Its not about someone on earth, its a message to god for everything he has done for him in his life, if you listen to most songs out today like the one we used to be gaints, all have hidden messages in them, start listening before its to late. This is from a lad that dint believe this years ago but now i dont know why i have changed my mindset and am happy the path iv been given. Hope we make it to the end of all ages as its counting down. Bless you all and hope everyone finds what you have to do.
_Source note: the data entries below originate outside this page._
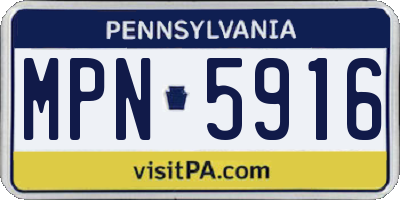 PA license plate MPN5916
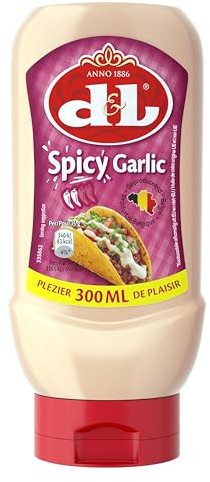 D&L Spicy Garlic Knoblauchsauce - 3x 300ml - würzige cremige Sauce aus hochwertigen Zutaten perfekt zum Grillen Dippen Verfeinern von Fleisch Gemüse und Sandwiches – von Devos & Lemmens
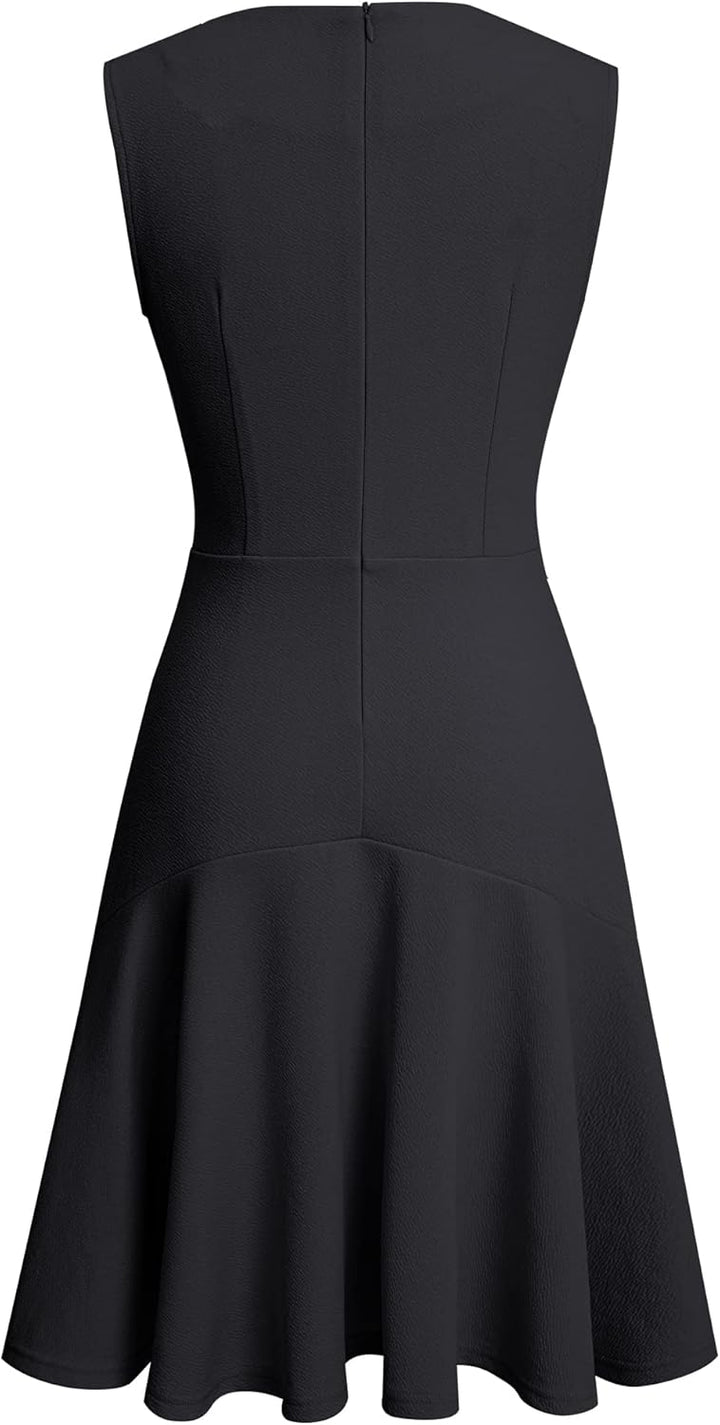 HOMEYEE Damen Elegant V-Ausschnitt Ärmellos Rockabilly Swing Sommer Freizeitkleid Mini Business Cock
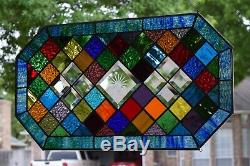 Bevel and Color Stained Glass Window Panel Cheers
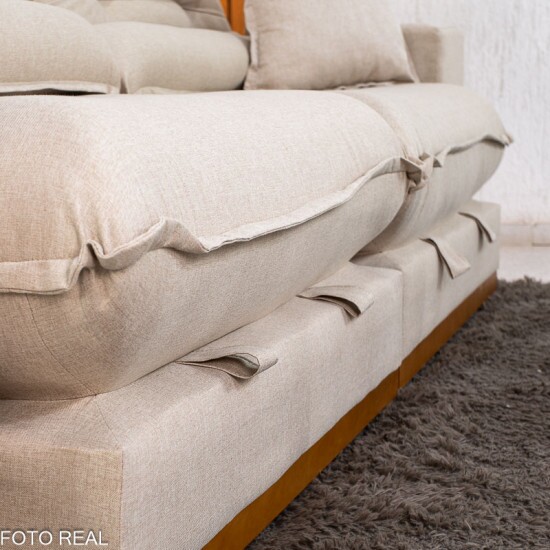 Sof� Retr�til Reclin�vel M�naco 2.50m Linho Bege A57 - Molas Ensacadas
I met this really great guy online, and we became best friends. He sent me this song a little after we met, and I cried. Someone finally truly loved me back as much as I loved them. We kept getting closer and closer. I asked him out and he said yes. It was the happiest day of my life. I loved him so much and he was my world. But then 2 weeks and 4 days later, something happened… My parents broke us up because I wasn’t supposed to do anything but school. But I found him.. So I was “sneaking around” and breaking the rules. I couldn’t live without him for a few hours, and here I am now having to live without him forever. I will always remember the day. 12/4/20.. I miss him so much. he was my world, and he would do everything this song says for me. He tried so hard for me and I want him back. This song is the only thing left that I have from him. I have a few more songs, but this, this is the last thing.. I will never hear his voice. We will never be married. Never text again. Never help each other when we are hurt. Never go through the same things again. We had everything in common, and we had each other. Now all the things we had in common, I try my best to avoid. I can’t avoid them all though.. Life is so hard without him. I am sorry for wasting your time. whatever happens in your life, I hope you make it through, and I know you can. I wish you the best, and keep being strong. Someone will appreciate it. Like he appreciated me. Someone will.
I really feel this story🥺
I really love this song because it reminds me of things my mom went through with raising me it been so hard for her and I can do anything for her if it means die for her I really love her ❤️ so much 😰
god this almost made me cry he must really appreciate he/she. If that person who helped him sees this thx for keeping another soul in this world. Again THANK YOU
I almost cried reading this but He must really appreciate him/her. If the person who help save his life sees this THANK YOU, you help keep another soul in this cruel world and we all are thankful for that.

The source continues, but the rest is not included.